▶ Task to carry out
Every entry below must be retyped exactly, and the pictures must be left out.

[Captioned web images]
- Opening Delimiter -

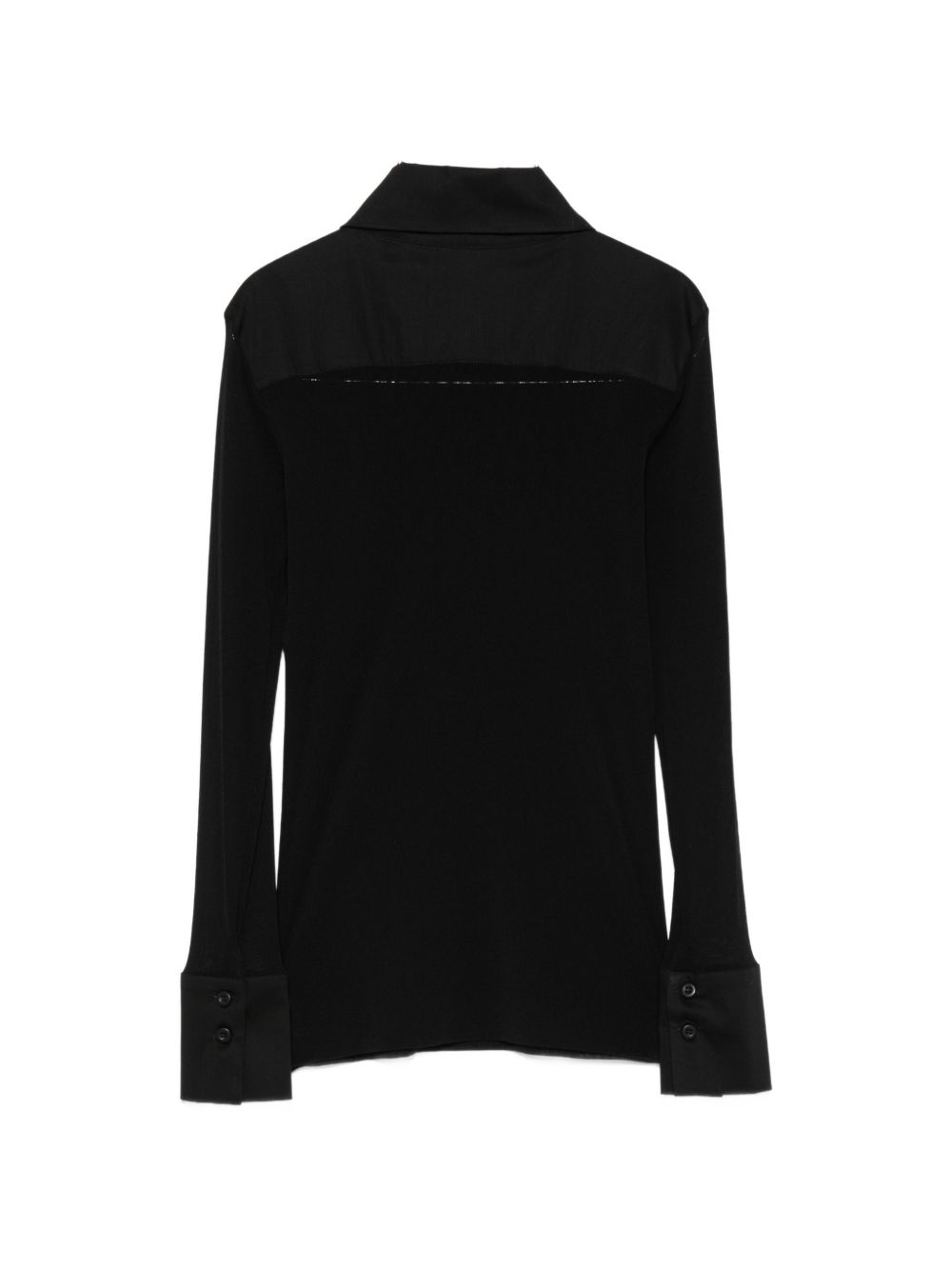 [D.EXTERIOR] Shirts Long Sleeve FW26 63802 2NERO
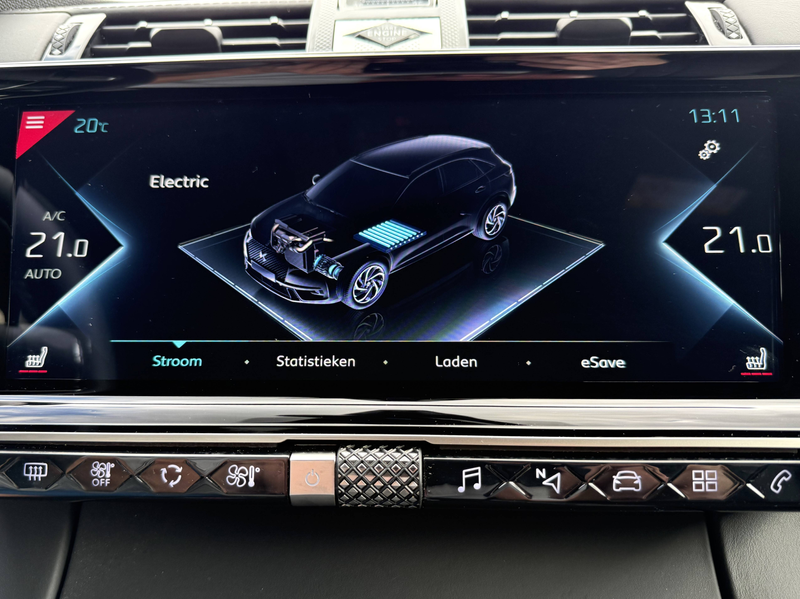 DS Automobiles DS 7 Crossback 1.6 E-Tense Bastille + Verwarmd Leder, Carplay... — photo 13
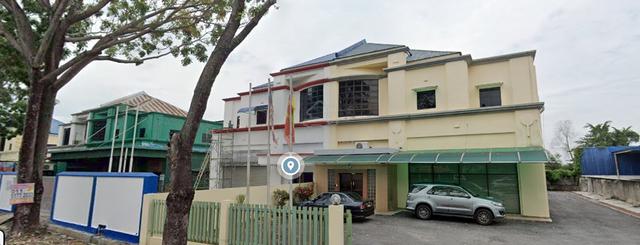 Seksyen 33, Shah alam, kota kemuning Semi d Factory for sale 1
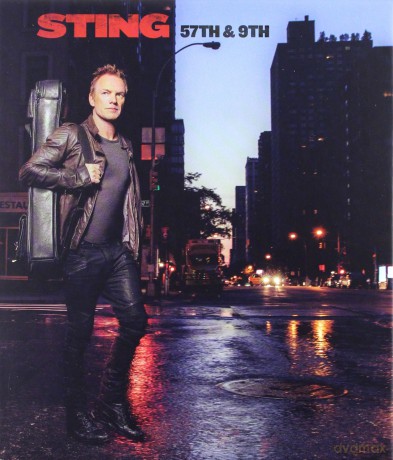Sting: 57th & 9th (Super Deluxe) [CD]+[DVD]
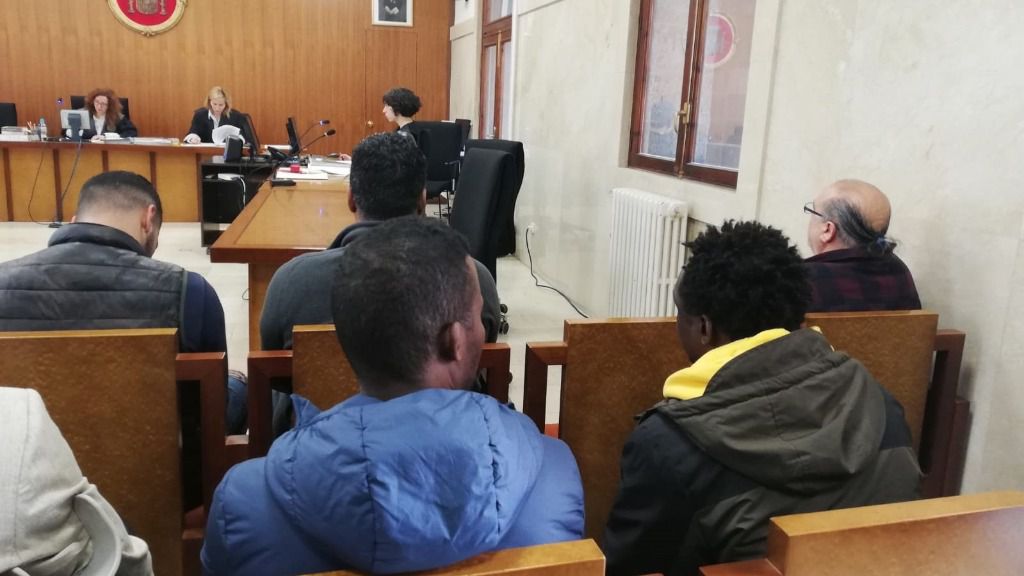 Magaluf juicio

- Closing Delimiter -

▶ Exercise response
 [D.EXTERIOR] Shirts Long Sleeve FW26 63802 2NERO
 DS Automobiles DS 7 Crossback 1.6 E-Tense Bastille + Verwarmd Leder, Carplay... — photo 13
 Seksyen 33, Shah alam, kota kemuning Semi d Factory for sale 1
Sting: 57th & 9th (Super Deluxe) [CD]+[DVD]
 Magaluf juicio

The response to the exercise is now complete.